Pinto and colleagues reported a double-blind study of transcranial direct current stimulation (tDCS) on 36 participants, all women 18-65 years of age, who received five consecutive or sham tDCS treatment sessions with an intensity of 2 mA for 20 minutes/day. The active group experienced a significant reduction in fatigue as measured by a self-report scale. There were no between-group differences in secondary outcomes of sleep, mood, or anxiety.

Khatri and colleagues reported their identification of 10 new risk loci associated with SS in a genome-wide association study, which extends from 10 to 20 the number of loci already identified. The associated proteins modulate cytokines of type 1 IFN pathway, IFN-gamma, IL-10, and RET signaling pathways. Other proteins involve the T-cell receptor complex structure, apoptotic pathway enhancement, and ingestion of apoptotic products. Thus, these new genetic associations can influence the production of autoantigens, their presentation on the cell surface, and cytokine response by the immune system by influencing the enhancer/promoter regions.

Joachims and colleagues reported the dysregulation of a noncoding RNA (LINCO1871). They proposed that this noncoding RNA could lead to a dysregulated T-cell inflammatory response.


The COVID-19 pandemic has shown us how different individuals may have markedly different outcomes in response to the same virus. Also, preexisting autoantibodies and comorbid conditions influence the subsequent "autoimmune" phase of the postinfectious course.
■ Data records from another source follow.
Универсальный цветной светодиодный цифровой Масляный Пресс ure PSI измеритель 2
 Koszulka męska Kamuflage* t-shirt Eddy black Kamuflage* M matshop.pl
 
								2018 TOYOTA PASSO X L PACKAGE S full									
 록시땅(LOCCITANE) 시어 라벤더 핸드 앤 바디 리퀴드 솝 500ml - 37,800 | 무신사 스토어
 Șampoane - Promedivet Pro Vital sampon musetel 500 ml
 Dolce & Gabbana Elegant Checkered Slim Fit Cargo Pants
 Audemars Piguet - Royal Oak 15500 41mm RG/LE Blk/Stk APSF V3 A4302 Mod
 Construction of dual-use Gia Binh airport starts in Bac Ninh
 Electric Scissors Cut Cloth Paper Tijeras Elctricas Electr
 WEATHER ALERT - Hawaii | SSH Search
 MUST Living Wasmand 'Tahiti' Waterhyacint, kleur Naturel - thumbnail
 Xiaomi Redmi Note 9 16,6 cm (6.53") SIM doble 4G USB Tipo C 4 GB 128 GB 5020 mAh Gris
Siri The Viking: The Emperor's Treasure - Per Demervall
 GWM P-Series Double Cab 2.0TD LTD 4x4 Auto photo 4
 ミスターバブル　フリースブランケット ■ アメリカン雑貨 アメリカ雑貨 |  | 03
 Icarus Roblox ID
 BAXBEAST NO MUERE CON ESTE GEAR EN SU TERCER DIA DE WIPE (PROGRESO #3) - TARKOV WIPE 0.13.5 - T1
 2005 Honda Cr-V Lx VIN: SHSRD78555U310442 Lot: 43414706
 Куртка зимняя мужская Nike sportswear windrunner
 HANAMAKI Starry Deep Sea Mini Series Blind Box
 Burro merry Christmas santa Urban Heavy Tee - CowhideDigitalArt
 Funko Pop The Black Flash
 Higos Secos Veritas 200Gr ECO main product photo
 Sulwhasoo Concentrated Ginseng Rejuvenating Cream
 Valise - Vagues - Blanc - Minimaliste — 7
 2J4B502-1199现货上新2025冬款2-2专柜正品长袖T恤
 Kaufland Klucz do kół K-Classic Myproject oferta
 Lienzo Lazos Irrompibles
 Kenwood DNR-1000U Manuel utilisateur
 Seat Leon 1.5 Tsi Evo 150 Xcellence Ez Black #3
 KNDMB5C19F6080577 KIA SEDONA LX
Some patients, termed "long haulers," have persistent fatigue, which remains one of the biggest challenges in our patients with autoimmune disorders.

At ACR Convergence, we learned about several new therapies, genetic associations, and outcome measures. Perhaps the most important outcome from this COVID-19 epidemic is that the whole world of immunologists, virologists, and neurologists is now focusing on the genetic mechanisms that underlie the transition from infection into chronic autoimmunity in a subset of infected patients. For the field of SS, this may be our "rheumatic fever" or "seronegative reactive spondyloarthropathy" moment. We need to look beyond our inconvenience of lockdowns to find keys to better treatment for our SS patients during infection or perhaps during the upcoming COVID-19 vaccinations.

Robert Fox, MD, specializes in the pathogenesis and treatment of Sjögren syndrome at the Scripps Memorial Hospital and Research Institute. He is also a member of several advisory boards, such as the ACR Advisory Board for Sjogren's Syndrome and the Advisory Board for the National Sjögren's Syndrome Foundation.

Alan N. Baer, MD, is a professor of medicine at Johns Hopkins University School of Medicine. He founded the Sjögren's Syndrome Clinic in the Rheumatology Division at Johns Hopkins shortly after joining the faculty there in 2007.

Dr Fox would like to acknowledge the stimulating contributions by Dr Eric Topol at the Scripps Memorial Hospital and Research Institute, who has been a tireless advocate for evaluation of COVID-19 etiology and therapy. Topol is also editor-in-chief of Medscape. Speculations and any errors in virology are entirely due to the authors of this article.